AutoOrtho alone can consume up to 16 GB of RAM. On a 32 GB system, swap activity can occur during scenery transitions or when other applications run in parallel.

What Happens When X-Plane Pages Get Swapped

Every swap-in triggers a major page fault: the rendering thread is blocked while the kernel reads the page from the swap device. On NVMe, a single swap-in takes ~15 µs — fast enough for occasional swapping. On SATA, ~150 µs per page fault accumulate into visible stutters. On HDD, ~12 ms per fault causes multi-second freezes.

With ortho streaming active, three I/O streams compete on the same storage device:

  1. AutoOrtho/XEarthLayer cache writes (FUSE-based)
  2. Swap I/O (pages being read/written)
  3. DSF scenery loading by X-Plane (background threads)

Same SSD vs. Dedicated SSD

Configuration Impact
Swap on same NVMe as X-Plane Unproblematic for occasional swapping. NVMe provides enough IOPS. Risk: tail latency under heavy load.
Swap on same SATA SSD Noticeable — queue depth limited (NCQ: max 32 commands). Swap competes directly with scenery loading.
Swap on dedicated SSD Eliminates I/O contention completely. Rarely necessary for desktop/gaming systems.
zram (no disk swap) No I/O contention at all — swap stays entirely in RAM.

Latency Comparison

Medium Random 4K Read Latency Factor vs. RAM
DDR5 RAM ~15 ns 1x
zram (lz4) ~1,700 ns ~110x
NVMe SSD ~15 µs ~1,000x
SATA SSD ~150 µs ~10,000x
HDD ~12 ms ~800,000x

zram with lz4 is ~10x slower than raw RAM but ~10x faster than NVMe — a meaningful middle ground that avoids disk I/O entirely.

OOM-Killer

When the system runs out of both RAM and swap, the kernel activates the OOM-Killer. It selects the process with the highest badness score (primarily based on memory consumption) — almost always X-Plane.

  • X-Plane is terminated immediately via SIGKILL (signal 9) — no clean shutdown, no save
  • The kernel log (dmesg) shows: Out of memory: Kill process <PID> (X-Plane-x86_64)

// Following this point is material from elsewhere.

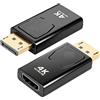 Leikedun 2 adattatori DisplayPort a HDMI, unidirezionale DP a HDMI 4K @30Hz/2K@60Hz/1080P@120Hz Compatibile con HP, Dell, Laptop, Monitor, Proiettore, AMD, NVIDIA GPU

zram acts as a safety net: by compressing idle pages in RAM, it extends the effective memory capacity and delays or prevents OOM situations.


zram with lz4

For X-Plane systems, zram with lz4 compression provides the best latency/safety tradeoff:

/etc/systemd/zram-generator.conf
[zram0]
zram-size = min(ram / 2, 4096)
compression-algorithm = lz4
swap-priority = 100
/etc/sysctl.d/99-zram.conf
vm.swappiness = 180
vm.watermark_boost_factor = 0
vm.watermark_scale_factor = 125
vm.page-cluster = 0

Add to /etc/default/grub (disable zswap):

zswap.enabled=0
sudo update-grub
sudo systemctl daemon-reload
sudo systemctl start /dev/zram0
sudo sysctl --system

Why swappiness=180?

With zram, swap access is almost as fast as RAM (microseconds instead of milliseconds). A high swappiness value tells the kernel that swap is cheap — it will proactively move idle pages to compressed swap, freeing RAM for the page cache. This improves scenery loading and file I/O. Values above 100 are only appropriate for in-memory swap (zram), not for disk swap.

Why page-cluster=0?

The default page-cluster=3 reads 8 pages (32 KiB) per swap access as readahead. With zram, each page must be individually decompressed — readahead provides no benefit and increases latency. Setting page-cluster=0 reads only the requested page.

Kernel Parameters Summary

Parameter zram Disk Swap Effect
vm.swappiness 180 10–20 Controls anonymous vs. file page reclaim ratio
vm.page-cluster 0 0 Pages read per swap-in (2^n). 0 = single page
vm.watermark_scale_factor 125 10 (default) Distance between watermarks. Higher = earlier kswapd
vm.watermark_boost_factor 0 0 Disable boost designed for disk swap
vm.vfs_cache_pressure 50 50 Favor keeping inode/dentry caches for scenery file lookups

RAM Sizing Guide

RAM Assessment
16 GB Minimum. Swap activity likely with addons or ortho streaming. zram essential.
32 GB Comfortable for most configurations. zram as safety net for scenery transitions.
64 GB Swap should be inactive under normal conditions. Minimal zram configuration sufficient.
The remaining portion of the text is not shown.